Activity:
Report each line of the records below that holds the word "Home".

### Exercise inputs

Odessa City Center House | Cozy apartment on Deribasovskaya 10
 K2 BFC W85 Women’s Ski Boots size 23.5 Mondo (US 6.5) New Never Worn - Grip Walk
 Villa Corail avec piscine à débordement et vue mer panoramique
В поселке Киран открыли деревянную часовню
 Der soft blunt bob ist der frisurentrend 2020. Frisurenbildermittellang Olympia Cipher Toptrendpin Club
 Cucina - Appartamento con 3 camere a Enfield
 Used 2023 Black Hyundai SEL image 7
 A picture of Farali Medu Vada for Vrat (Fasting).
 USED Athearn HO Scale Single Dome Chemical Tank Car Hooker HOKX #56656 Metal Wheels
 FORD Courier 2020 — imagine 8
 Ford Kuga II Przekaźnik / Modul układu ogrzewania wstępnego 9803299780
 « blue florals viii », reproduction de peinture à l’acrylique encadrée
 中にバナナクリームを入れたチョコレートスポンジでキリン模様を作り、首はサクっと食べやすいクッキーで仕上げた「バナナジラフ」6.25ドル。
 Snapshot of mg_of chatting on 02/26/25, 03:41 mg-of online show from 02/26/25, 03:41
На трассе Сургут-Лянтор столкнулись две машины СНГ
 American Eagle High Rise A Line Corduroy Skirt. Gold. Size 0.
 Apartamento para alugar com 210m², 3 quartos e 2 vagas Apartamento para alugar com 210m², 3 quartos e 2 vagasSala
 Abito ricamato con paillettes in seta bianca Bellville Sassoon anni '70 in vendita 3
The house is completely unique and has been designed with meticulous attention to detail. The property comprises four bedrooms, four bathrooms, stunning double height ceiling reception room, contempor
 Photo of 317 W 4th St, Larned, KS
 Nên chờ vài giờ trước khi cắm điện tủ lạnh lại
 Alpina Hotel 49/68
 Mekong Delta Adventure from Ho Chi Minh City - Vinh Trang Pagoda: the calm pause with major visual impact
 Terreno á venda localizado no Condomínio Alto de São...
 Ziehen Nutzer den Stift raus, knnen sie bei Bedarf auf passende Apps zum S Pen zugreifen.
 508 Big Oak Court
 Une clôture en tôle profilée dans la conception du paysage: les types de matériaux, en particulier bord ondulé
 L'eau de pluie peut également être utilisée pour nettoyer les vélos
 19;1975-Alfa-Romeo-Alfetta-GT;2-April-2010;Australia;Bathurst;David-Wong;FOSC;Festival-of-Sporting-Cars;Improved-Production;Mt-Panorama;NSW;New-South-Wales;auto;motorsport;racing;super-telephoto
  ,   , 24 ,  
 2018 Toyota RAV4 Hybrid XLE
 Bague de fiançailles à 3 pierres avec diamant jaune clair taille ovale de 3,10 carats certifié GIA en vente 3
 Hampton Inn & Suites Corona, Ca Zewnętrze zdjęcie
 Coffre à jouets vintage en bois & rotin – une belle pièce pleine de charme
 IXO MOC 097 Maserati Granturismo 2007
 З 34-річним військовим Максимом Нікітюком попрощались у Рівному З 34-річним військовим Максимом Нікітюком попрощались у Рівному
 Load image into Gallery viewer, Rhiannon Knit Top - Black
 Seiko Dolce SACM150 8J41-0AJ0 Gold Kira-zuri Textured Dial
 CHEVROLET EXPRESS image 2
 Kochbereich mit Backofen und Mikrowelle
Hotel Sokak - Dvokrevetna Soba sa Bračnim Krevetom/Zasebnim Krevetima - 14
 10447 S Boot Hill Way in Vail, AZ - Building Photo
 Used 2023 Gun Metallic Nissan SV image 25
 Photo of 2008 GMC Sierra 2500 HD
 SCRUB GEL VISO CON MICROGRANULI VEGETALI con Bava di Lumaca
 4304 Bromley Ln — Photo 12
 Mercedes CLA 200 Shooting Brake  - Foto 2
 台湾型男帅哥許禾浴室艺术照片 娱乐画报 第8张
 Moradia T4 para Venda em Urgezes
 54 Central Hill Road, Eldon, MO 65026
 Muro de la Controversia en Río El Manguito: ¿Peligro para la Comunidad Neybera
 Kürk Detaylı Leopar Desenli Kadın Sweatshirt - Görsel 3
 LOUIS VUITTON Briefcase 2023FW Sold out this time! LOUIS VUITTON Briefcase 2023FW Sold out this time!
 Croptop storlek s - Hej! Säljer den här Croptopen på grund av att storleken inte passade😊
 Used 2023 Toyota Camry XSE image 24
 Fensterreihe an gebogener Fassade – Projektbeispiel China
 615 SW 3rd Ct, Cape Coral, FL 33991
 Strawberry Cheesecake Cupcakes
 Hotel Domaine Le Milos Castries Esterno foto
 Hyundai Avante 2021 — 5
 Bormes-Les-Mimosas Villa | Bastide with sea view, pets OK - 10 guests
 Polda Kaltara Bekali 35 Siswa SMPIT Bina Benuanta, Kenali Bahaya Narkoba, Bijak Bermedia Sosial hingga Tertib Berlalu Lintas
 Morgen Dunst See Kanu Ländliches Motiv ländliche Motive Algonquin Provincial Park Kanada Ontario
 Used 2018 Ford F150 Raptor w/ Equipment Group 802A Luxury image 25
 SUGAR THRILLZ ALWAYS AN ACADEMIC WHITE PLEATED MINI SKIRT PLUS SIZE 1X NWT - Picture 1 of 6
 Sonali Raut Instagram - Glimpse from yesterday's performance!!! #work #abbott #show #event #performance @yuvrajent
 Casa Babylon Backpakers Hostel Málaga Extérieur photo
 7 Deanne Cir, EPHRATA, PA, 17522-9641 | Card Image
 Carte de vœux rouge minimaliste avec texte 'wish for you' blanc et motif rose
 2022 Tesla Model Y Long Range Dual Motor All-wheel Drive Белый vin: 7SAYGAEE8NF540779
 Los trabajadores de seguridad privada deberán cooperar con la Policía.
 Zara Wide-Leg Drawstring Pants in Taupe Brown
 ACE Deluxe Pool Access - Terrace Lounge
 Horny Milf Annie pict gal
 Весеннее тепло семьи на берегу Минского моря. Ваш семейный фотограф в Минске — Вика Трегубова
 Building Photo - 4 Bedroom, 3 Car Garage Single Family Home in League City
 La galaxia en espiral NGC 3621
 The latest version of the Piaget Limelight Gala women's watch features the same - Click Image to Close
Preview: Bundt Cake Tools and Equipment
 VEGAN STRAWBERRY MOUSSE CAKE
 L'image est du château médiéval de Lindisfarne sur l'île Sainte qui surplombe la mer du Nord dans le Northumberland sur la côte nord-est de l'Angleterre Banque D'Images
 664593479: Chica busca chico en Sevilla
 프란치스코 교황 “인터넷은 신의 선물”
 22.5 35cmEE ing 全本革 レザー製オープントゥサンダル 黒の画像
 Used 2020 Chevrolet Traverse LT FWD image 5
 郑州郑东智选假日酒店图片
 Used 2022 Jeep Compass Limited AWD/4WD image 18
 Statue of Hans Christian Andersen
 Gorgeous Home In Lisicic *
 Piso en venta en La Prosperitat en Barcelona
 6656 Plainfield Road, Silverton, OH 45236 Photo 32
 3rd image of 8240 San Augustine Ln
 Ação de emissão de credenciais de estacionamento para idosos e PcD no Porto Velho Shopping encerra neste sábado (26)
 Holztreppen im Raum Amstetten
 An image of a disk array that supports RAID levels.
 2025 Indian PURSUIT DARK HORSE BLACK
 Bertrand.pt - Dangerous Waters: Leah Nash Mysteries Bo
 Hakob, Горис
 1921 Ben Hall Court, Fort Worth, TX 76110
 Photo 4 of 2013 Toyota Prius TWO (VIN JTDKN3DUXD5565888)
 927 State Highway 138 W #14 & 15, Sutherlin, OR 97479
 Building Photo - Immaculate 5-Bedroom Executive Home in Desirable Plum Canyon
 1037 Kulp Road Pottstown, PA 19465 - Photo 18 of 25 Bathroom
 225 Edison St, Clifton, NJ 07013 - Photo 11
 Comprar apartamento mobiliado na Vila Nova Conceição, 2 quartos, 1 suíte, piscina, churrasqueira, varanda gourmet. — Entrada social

######

Solution to this task:
 Building Photo - 4 Bedroom, 3 Car Garage Single Family Home in League City
 Gorgeous Home In Lisicic *
 Building Photo - Immaculate 5-Bedroom Executive Home in Desirable Plum Canyon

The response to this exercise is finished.